Antennal area and sensilla abundance by sex and activity.
(A) Positive correlation between antennal area and total sensilla number (N = 42, R2 = 0.389, Spearman’s rho = 0.6677, p < 0.0001): larger antennae tend to have more sensilla; (B) Negative correlation between antennal area and total sensilla density (N-42, R2 = 0.542, Spearman’s rho = -0.7094, df = 1, p < 0.0001): larger antennae tend to have a lower sensilla density; (C) Comparison of mean sensilla number between diurnal and nocturnal species: diurnal species have significantly more sensilla than nocturnal species (x̄Diurnal = 4768 ± 1495, x̄Nocturnal = 2349 ± 1242; DFDen = 5, F = 8.33, p = 0.0343); (D) Comparison of mean sensilla number between females and males: males have significantly more sensilla than females (x̄Male = 3776 ± 1919, x̄Female = 2995 ± 1638; DFDen = 38, F = 8.7, p = 0.0054).
Fig 8.
Mechanosensilla and Chemosensilla counts by activity and sex.

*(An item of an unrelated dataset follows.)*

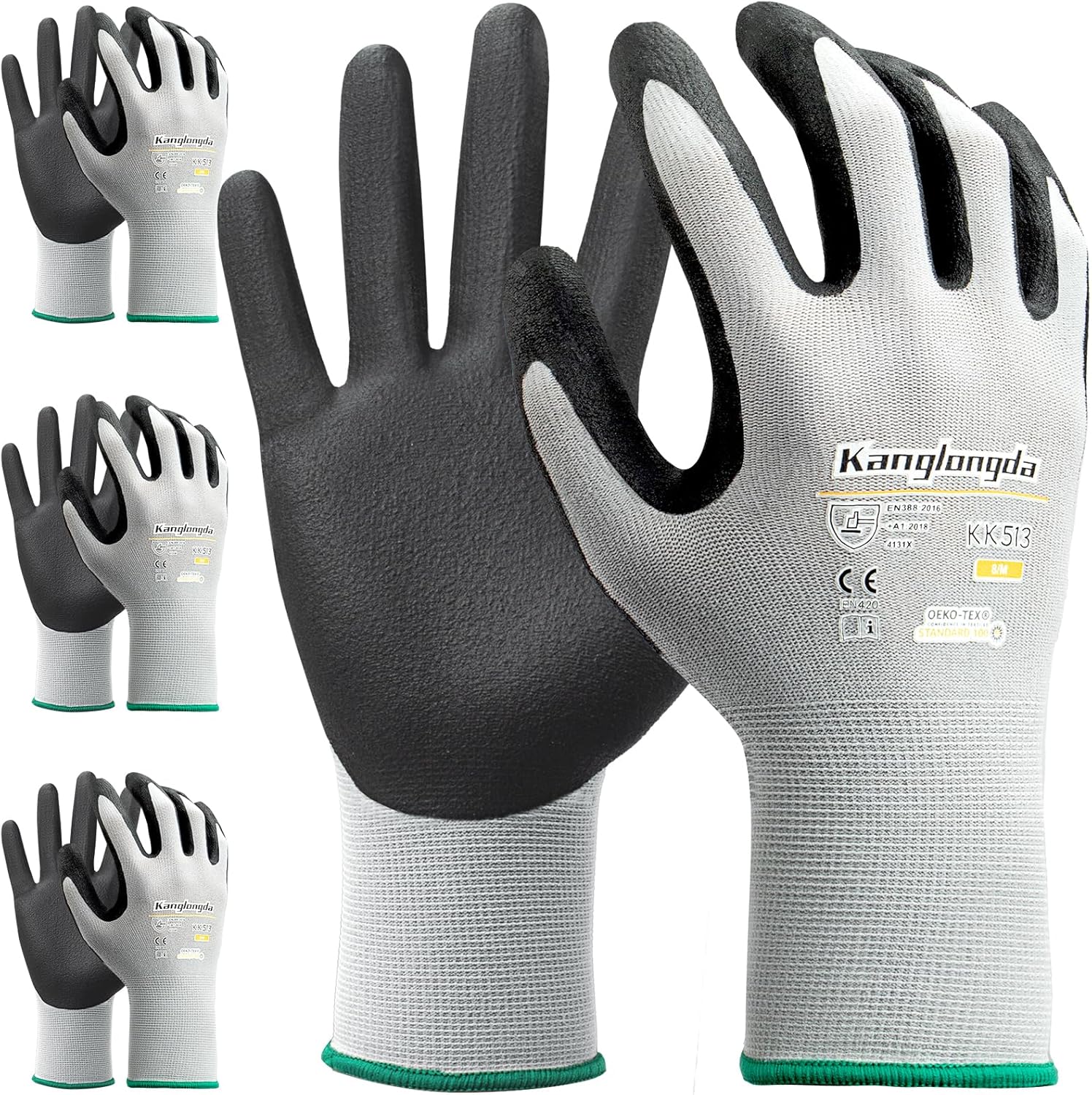 Kebada Foam Nitrile Coated Work Gloves, 3 Pairs Nylon Gloves with Grip, Ideal for Package Handling, Warehouse, Mechanic and Light Duty Construction, Small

(A) Mechanosensilla counts (both sexes) by activity time: there is no significant difference between diurnal and nocturnal species (x̄Diurnal = 3503 ± 993, x̄Nocturnal = 1753 ± 1009; DFDen = 5.0, F = 4.88, p = 0.078); (B) Mechanosensilla counts (both activity times) by sex: there is no significant difference in mechanosensilla number between males and females (x̄Male = 2586 ± 1248, x̄Female = 2420 ± 1418; DFDen = 33.0, F = 0.21, p = 0.279); (C). Chemosensilla counts (both sexes) by activity time: there is no significant difference between diurnal and nocturnal species (x̄Diurnal = 1261 ± 1114, x̄Nocturnal = 595 ± 282; DFDen = 5.0, F = 3.81, p = 0.108); (D) Chemosensilla counts (both activity times) by sex: males have significantly more chemosensilla than females (x̄Male = 1188 ± 1041, x̄Female = 573 ± 307; DFDen = 33.0, F = 15.66, p = 0.0004).
Fig 9.
Mechanosensilla and Chemosensilla densities.
(A) Mechanosensilla densities (both sexes) by activity time: there is no significant difference between diurnal and nocturnal species (x̄Diurnal = 2576/mm2 ± 827, x̄Nocturnal = 2068/mm2 ± 1079, DFDen = 5.0, F = 0.477, p = 0.52); (B) Mechanosensilla densities (both activity times) by sex: males have a significantly higher density of mechanosensilla than females (x̄Male = 2265 ± 1102 per mm2, x̄Female = 2306 ± 915 per mm2; DFDen = 33.0, F = 0.558, p = 0.460); (C) Chemosensilla densities (both sexes) by activity time: there is no significant difference between diurnal and nocturnal species (x̄Diurnal = 813 ± 486 per mm2, x̄Nocturnal = 881 ± 914 per mm2; DFDen = 5.0, F = 0.025, p = 0.880); (D) Chemosensilla densities (both activity times) by sex: males have a significantly higher density of chemosensilla on their antennae than females (x̄Male = 1147 ± 952 per mm2, x̄Female = 556 ± 273 per mm2; DFDen = 33.0, F = 11.05, p = 0.0022).